In Silico Pathway Analysis Predicts Metabolites that are Potential Antimicrobial TargetsMalabika Sarker1, Sidharth Chopra2, Kristien Mortelmans2, Krishna Kodukula3, Carolyn Talcott1 and Amit K. Galande3*
- *Corresponding Author:
- Dr. Amit K. Galande
Center for Advanced Drug Research
SRI International, Harrisonburg, Virginia 22802, USA
Tel: (540) 438 6621
Fax: (540) 568 5758
E-mail: [email protected]
Received date: April 04, 2011; Accepted date: April 20, 2011; Published date: April 25, 2011
Citation: Sarker M, Chopra S, Mortelmans K, Kodukula K, Talcott C, et al. (2011) In Silico Pathway Analysis Predicts Metabolites that are Potential Antimicrobial Targets. J Comput Sci Syst Biol 4:021-026. doi:10.4172/jcsb.1000071
Copyright: © 2011 Sarker M, et al. This is an open-access article distributed under the terms of the Creative Commons Attribution License,which permits unrestricted use, distribution, and reproduction in any medium, provided the original author and source are credited.
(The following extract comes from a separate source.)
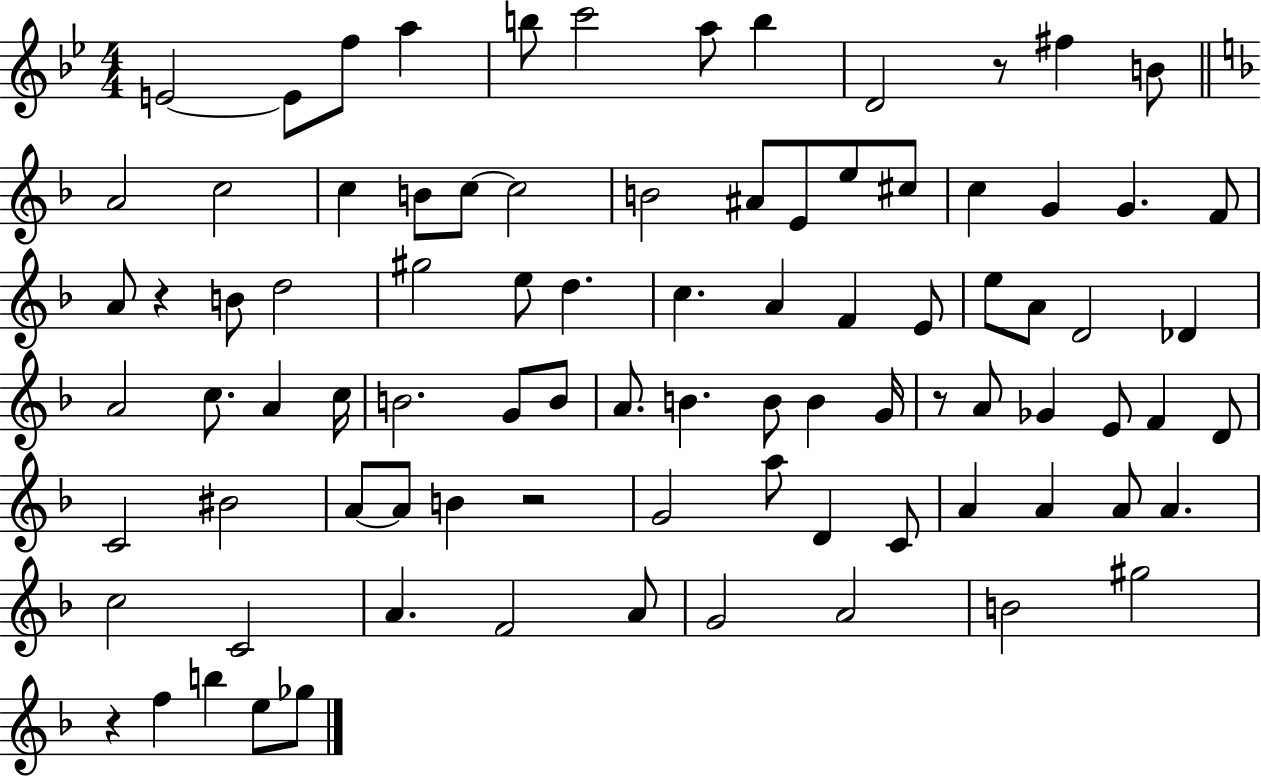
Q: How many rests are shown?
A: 5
Antibiotic discovery aimed at conventional targets such as proteins and nucleic acids faces challenges from mutations and antibiotic resistance. Small molecule metabolites, however, can be considered resistant to change, as they do not undergo rapid mutations. Developing analogs or scavengers of essential microbial metabolites as antibiotics is a promising strategy that can delay drug resistance. The objective of this work was to identify microbial metabolites that are most suitable targets for antimicrobial discovery. We performed extensive literature mining and systems level pathway analysis to identify bacterial metabolites that fulfill the criteria for drug targets. The BioCyc interactive metabolic pathway maps and Pathway Tools software were used to corroborate our finding. We identified ten metabolites as potential candidates for developing novel antibiotics. These metabolites are Lipid II, meso-diaminopimelate, pantothenate, shikimate, biotin, L-aspartyl-4-phosphate, dTDP-?-L-rhamnose, UDP-Dgalacto- 1,4-furanose, des-N-acetyl mycothiol, and Siroheme. The article describes the selection criteria, analysis of metabolic pathways, and the potential role of each of the ten metabolites in therapeutic intervention as broadspectrum antibiotics with emphasis on M. tuberculosis. Our study revealed previously unexplored targets along with metabolites that are well established in antibiotic discovery. Identification of established metabolites strengthen our analyses while the newly discovered metabolites could lead to novel antimicrobials.